Lawrence J. Ellison, Oracle Corporation’s chief executive officer, has agreed to make $100 million in charitable donations in the company’s name to settle a lawsuit accusing him of insider trading. The settlement was reached following more than four years of litigation. Attorneys from Berman DeValerio’s San Francisco office acted as co-lead counsel in the litigation.
Over the next five years, Ellison will donate $100 million in Oracle’s name to a charity or institution approved by the company. Ellison, who denies any wrongdoing, will also pay a total of $22 million to plaintiffs’ counsel in legal fees and expenses associated with the case’s prosecution.
The settlement is believed to be the largest of its kind in a derivative action. Notably, Ellison will pay the money himself, without any contribution from directors’ and officers’ liability insurance. In addition, the lawsuit caused Oracle to tighten its insider trading guidelines.
The unusual settlement received approval Nov. 22 from San Mateo Superior Court Judge John G. Schwartz, who had raised questions about an earlier settlement agreement in September. Under the original agreement, Oracle would have paid plaintiffs’ attorneys’ fees and expenses, rather than Ellison.
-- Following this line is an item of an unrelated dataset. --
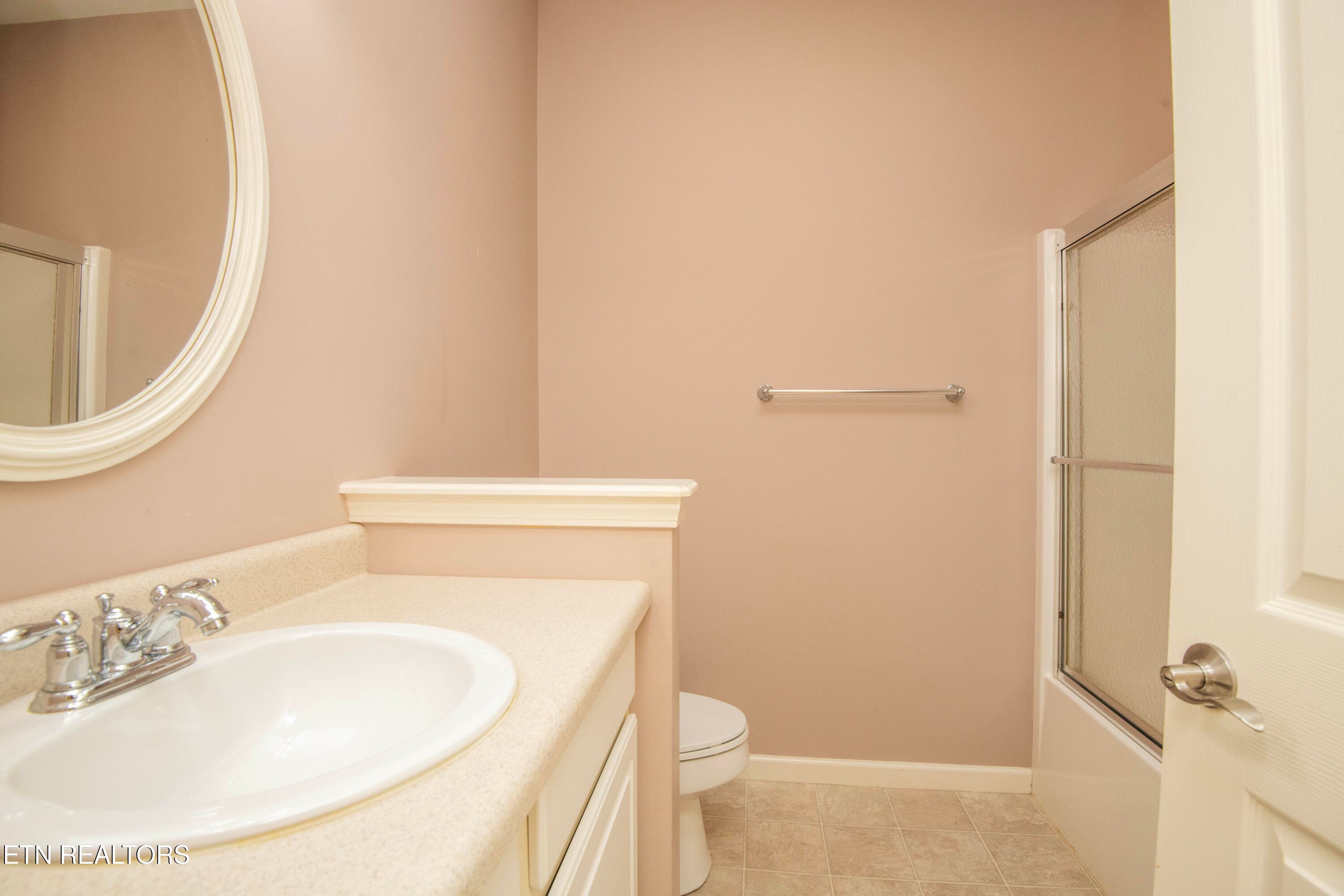 second bath 1 - 11204 Kilpatrick Way, Knoxville, TN 37932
“We took what was already an excellent settlement and made it even better,” said Joseph J. Tabacco Jr., the Berman DeValerio partner who oversaw the case. “We were able to address the court’s concerns to the company’s benefit.”
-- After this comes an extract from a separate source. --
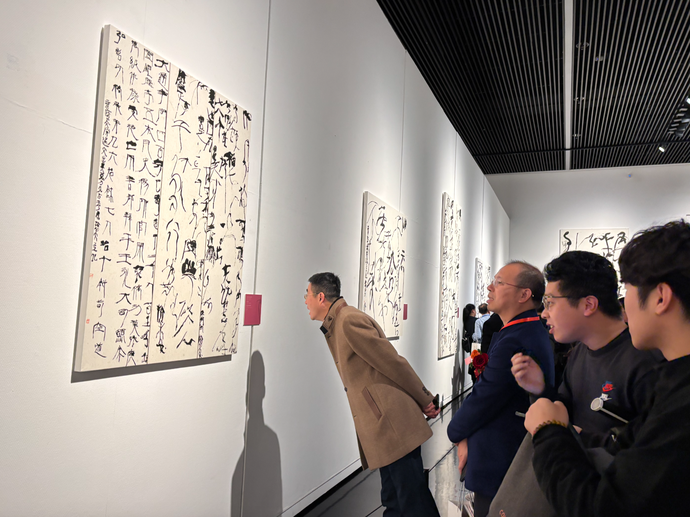 “2024万殊一相·狂草四人展”暨刘洪彪遗作展开展_腾讯新闻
The groundbreaking settlement was approved by independent members of Oracle’s Board of Directors, who determined that it was in the best interests of the company and its shareholders.
The agreement resolves litigation that began following the 2001 allegations of insider trading, Tabacco said. Ellison and Oracle have also acknowledged that recent changes to the company’s insider stock trading policies were made as a result of the prosecution of this case.
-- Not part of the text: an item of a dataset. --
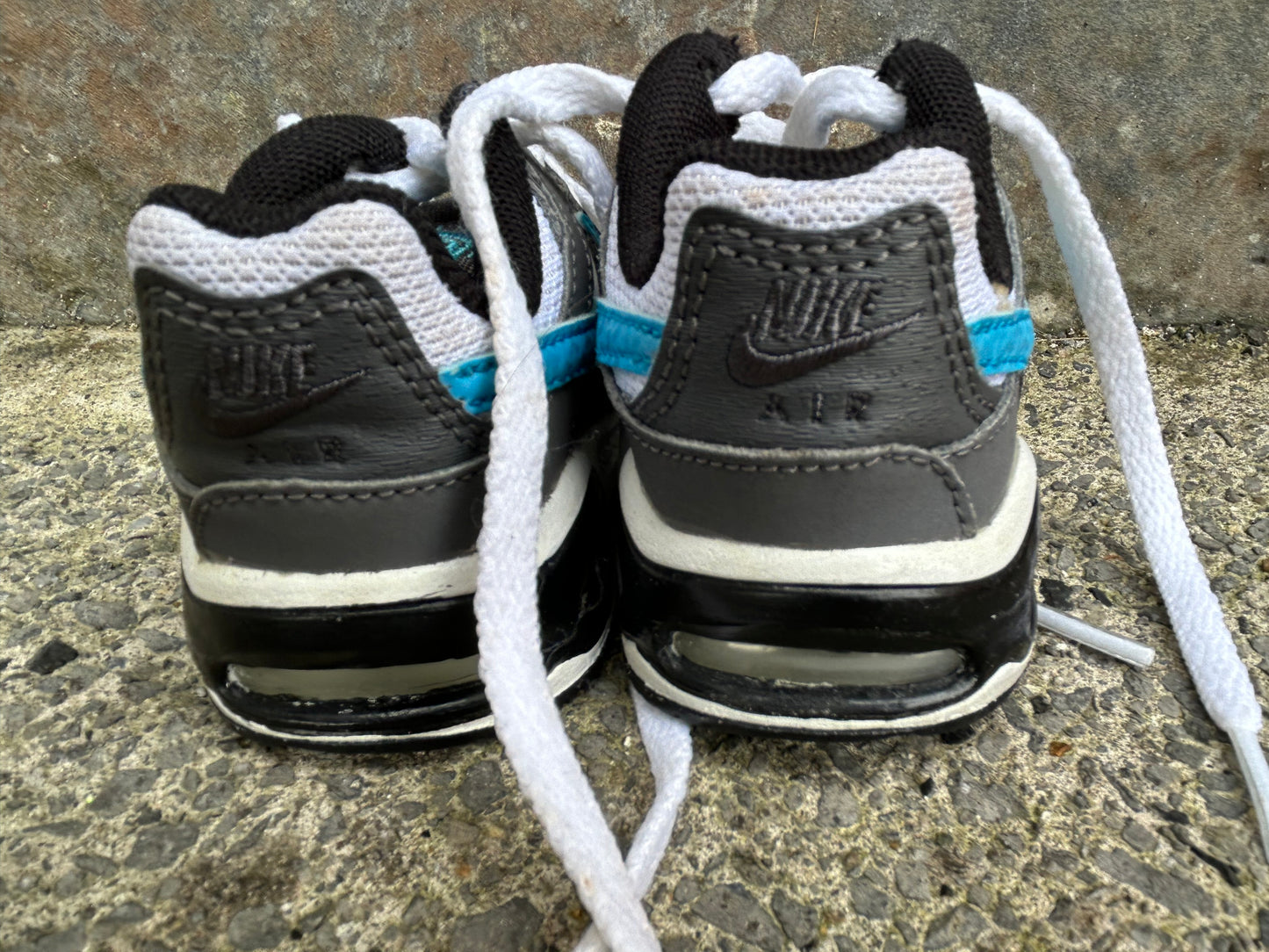 Black&white runners  uk 1.5 (eu 17)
The changes to Oracle’s policies substantially reduce the likelihood that Oracle insiders will decide to make a trade they may not otherwise have made because of their knowledge of inside non-public information.
For example, with insiders now using program trading plans, Oracle minimizes its exposure to any future litigation. Stricter pre-clearance procedures and narrower trading windows also offer greater protections against insider trading.
In derivative lawsuits, damages are usually paid directly to the company. But because Ellison reportedly owns 24.5% of Oracle’s stock, such a direct payment would have significantly benefited Ellison himself. The $100 million in charitable donations will benefit Oracle while limiting the amount flowing back to Ellison, Tabacco said.
“The primary purpose of the California insider trading law was not to reimburse the company, but to deter insider trading,” said Nicole Lavallee, the partner who handled the day-to-day prosecution for the firm. “We believe this settlement does just that.”
Significantly, this settlement was achieved even after the Delaware Chancery Court already had dismissed similar claims filed in that state.
The lawsuit accused Ellison of selling Oracle shares worth approximately $894 million prior to the release of news that the company would not meet its earnings target. Ellison had sold his shares for an average price of $30.76. After the earnings announcement, the shares closed at $16.88.
*In August 2017, our firm name changed to Berman Tabacco. Case references and content published before that date may refer to the firm under our prior name, Berman DeValerio.